There was an interesting paradox in the news about the Arizona Medical Marijuana Act (AMMA) this week. As Arizoneout reported in a June 7, 2012 post, Tuesday, August 7, 2012 was the day the Arizona Department of Health Services (ADHS) conducted a lottery to determine who would get the chance to open dispensaries in areas where there were multiple qualified applicants.
The Arizona Republic ran a piece on August 7 under the headline, "Big day for medical pot," featuring a photo of a 30-year-old Qualified Patient (QP), Scott, hanging long stems of cannabis on a line like laundry. Scott and his girlfriend, Jody, 44, also a QP, invested $5,000 to turn a spare bedroom of their "nondescript, tan stucco home in a booming Maricopa neighborhood" into a grow-room for marijuana.
Scott and Jody smoke marijuana throughout the day to ease chronic pain caused by vehicle and other accidents. Scott apparently is employed as an ironworker. (Sounds safety-sensitive, donʼt you think?) He and Jody were complaining to the Republic that the opening of dispensaries would be a financial hardship to them, because then they would lose their cultivation privileges when they next renewed their QP ID cards.
Thatʼs because the AMMA was designed to restrict dispersed urban cultivation of the kind that is going on all over Phoenix, Tempe, Scottsdale, Tucson, Flagstaff, and Prescott today. The drafters of the AMMA crafted it so that QPs who live within 25 miles of a dispensary must buy their pot from a dispensary. The folks who put the AMMA on the ballot thought it was better to have the cultivation and sale of marijuana tightly controlled and strictly regulated.
Governor Jan Brewer and Attorney General Tom Horne delayed the implementation of the dispensaries envisioned by the act for a year by suing on the eve of the original "go" date, and ultimately had their lawsuit dismissed. On Monday, August 6, 2012, the eve of the dispensary lottery, Horne issued a formal "Attorney Generalʼs Opinion," declaring that the AMMA provisions authorizing dispensaries were preempted by federal law. The other parts of the AMMA, such as those giving QPs and their caregivers the right to possess and use marijuana and making it a violation of Arizona law for employers to hold that against them, are not preempted, however, according to Horneʼs formal opinion.

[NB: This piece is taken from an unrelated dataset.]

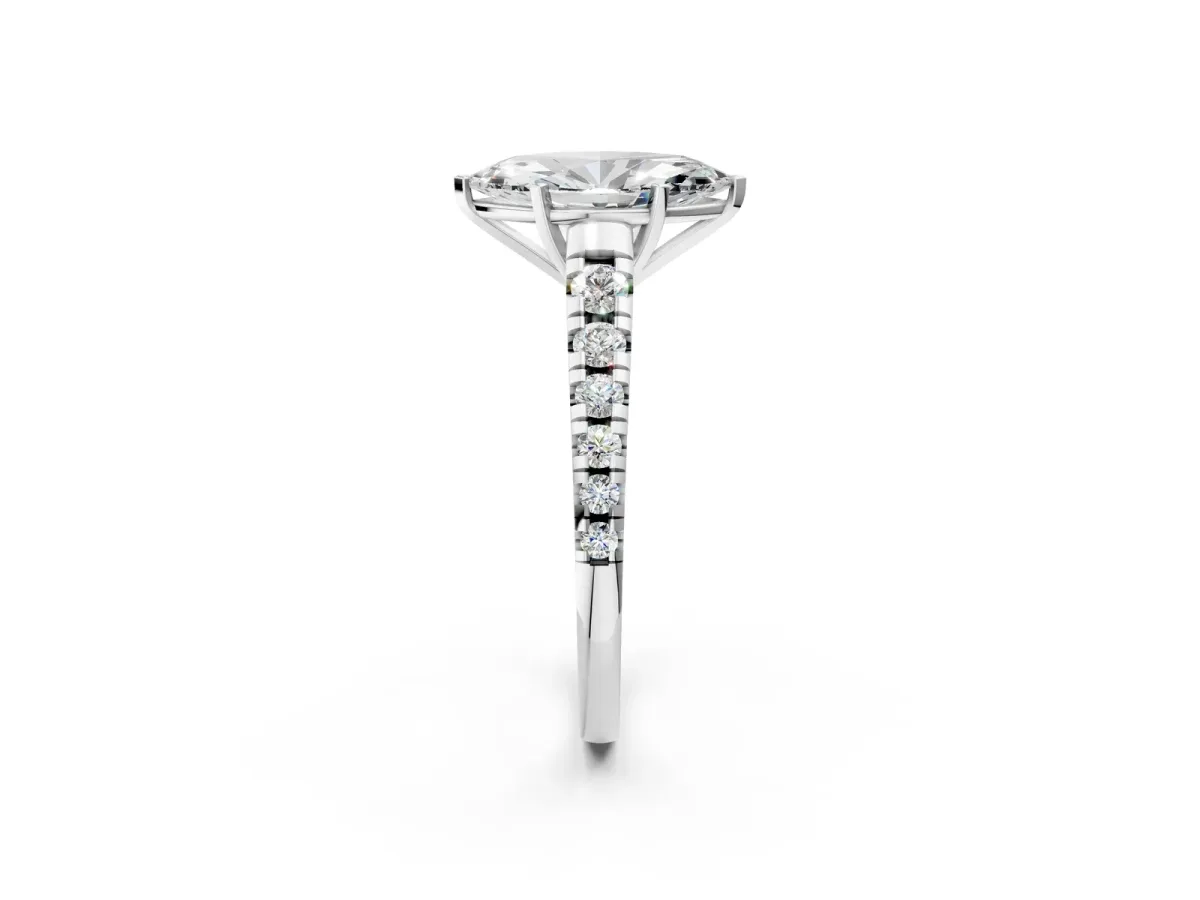 Marquise Cut Diamond Cathedral Solitaire Ring with Round Pavé Band White gold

The dispensary lottery went forward as scheduled, with AG Horneʼs blessing, because having a dispensary registration certificate is not state permission to open and start selling pot. There are other steps that have to be completed, including a state inspection, and dispensaries must have an operating certificate to open.
So now there are 68 folks who are the proud holders of dispensary certificates, thanks to the bounce of the bingo ball. Another 29 have certificates because they were the only qualified applicants in the areas. (Two areas have would-be dispensaries, but the issue is tied up in litigation. Naturally.)

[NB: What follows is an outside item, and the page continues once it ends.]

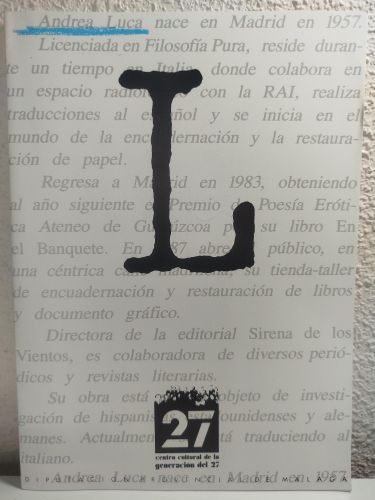 Portada del libro de Cuaderno dedicado a Andrea Luca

ADHS Director Will Humble at one point was predicting there could be dispensaries open by September. But who knows now how long the legal wrangling will block them. Horne ended his press release about the formal legal opinion by advising dispensary certificate holders "that it would be prudent to delay additional work and expenditures pending resolution of the preemption issue by a court."
So once again the stateʼs top lawyer has moved to block the full implementation of the AMMA and put the dispensaries in limbo. And all the while, ADHS will continue to license QPs, and they will be working for you and buying from criminal drug dealers or growing their own in homes scattered across the state. Because Horne thinks thatʼs better?